Understand the Fundamental Attribution Error
The fundamental attribution error is the tendency to attribute other people’s behavior to their character while attributing our own behavior to situational factors.
For example, when someone cuts you off in traffic, you might think they’re a jerk. But if you cut someone off in traffic, you would probably say it was because you were in a hurry.
When they do, it’s because that’s who they are. When I do it, it’s because of the situation I was in.
The fundamental attribution error leads to a lot of misunderstanding and conflict in our lives.
By understanding this tendency, you can avoid falling into the trap of making assumptions about other people’s motives.
Don’t be so quick to cast hatred toward them—you don’t know what’s going on in their lives.

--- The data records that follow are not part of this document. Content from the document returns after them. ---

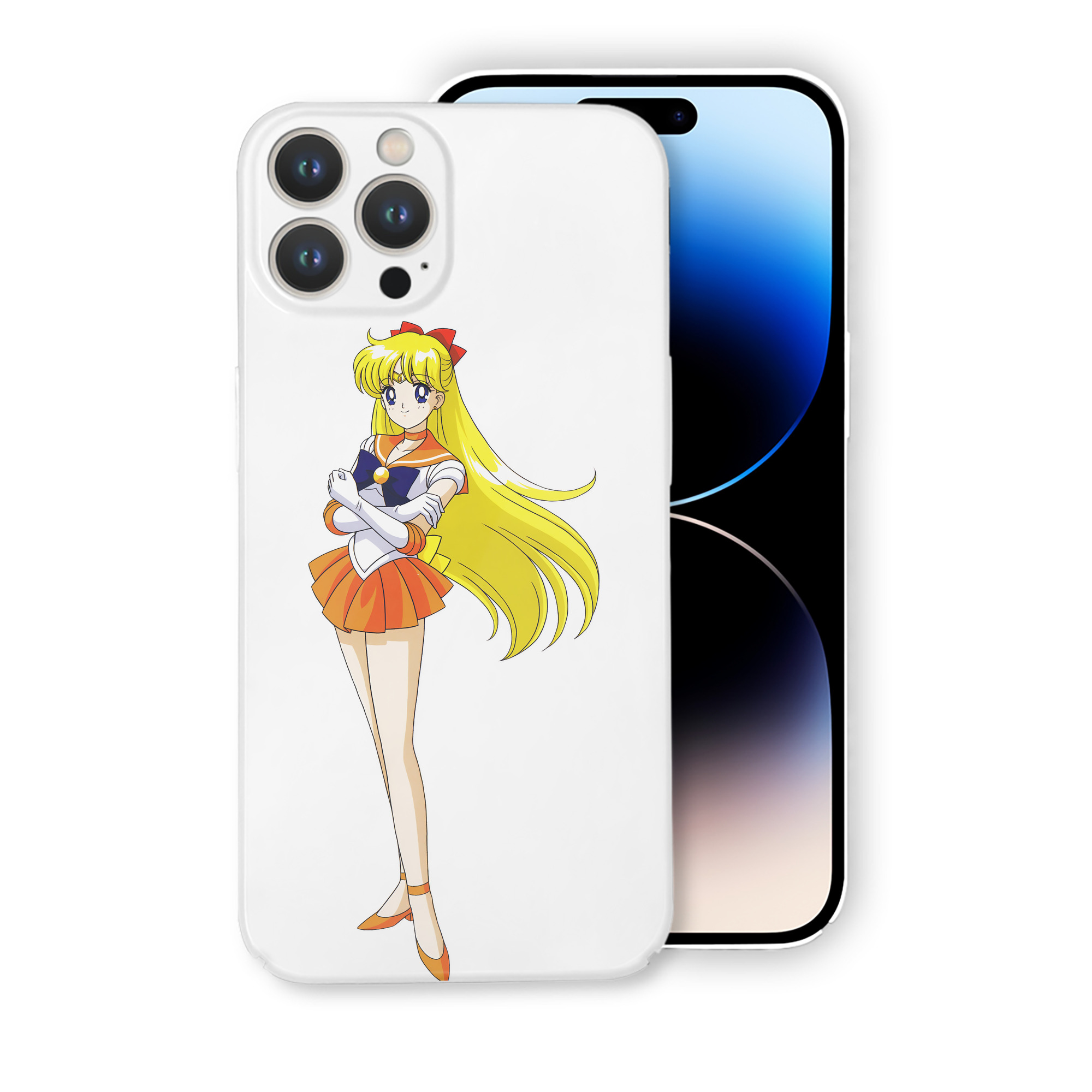 （画像用） 美少女戦士セーラームーン 愛野 美奈子 あいの みなこ Sailor Moon Aino Minako 【iPhone 14シリーズ対応】ハードケース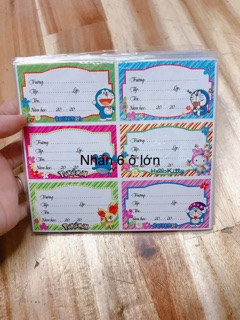 Giấy nhãn vở học sinh
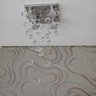 Lustre de cristal para Quarto com 80cm de altura e base de inox espelhado de 20x20cm - 2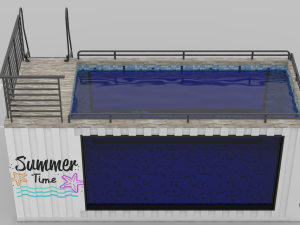 container swimming pool 3D-Modell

They are just reacting to their own circumstances, just as you are reacting to yours.
Mindfulness is the practice of being present in the moment and accepting things as they are.
This can be a helpful tool for dealing with difficult people and situations, as well as the anxiety and stress that comes with them.
When you’re mindful, you’re not as easily thrown off balance by the things that happen around you. You’re able to see them for what they are and respond more constructively.
A simple way to practice mindfulness is to concentrate on your breath—it’s always there with you to serve as a point of focus. Bring your attention inside your body, noticing how it feels in this moment.
These quick moments of self-observation can be surprisingly transformative. This practice can also help you find more happiness and satisfaction in your life overall, making you more resilient to the inevitable challenges that come your way.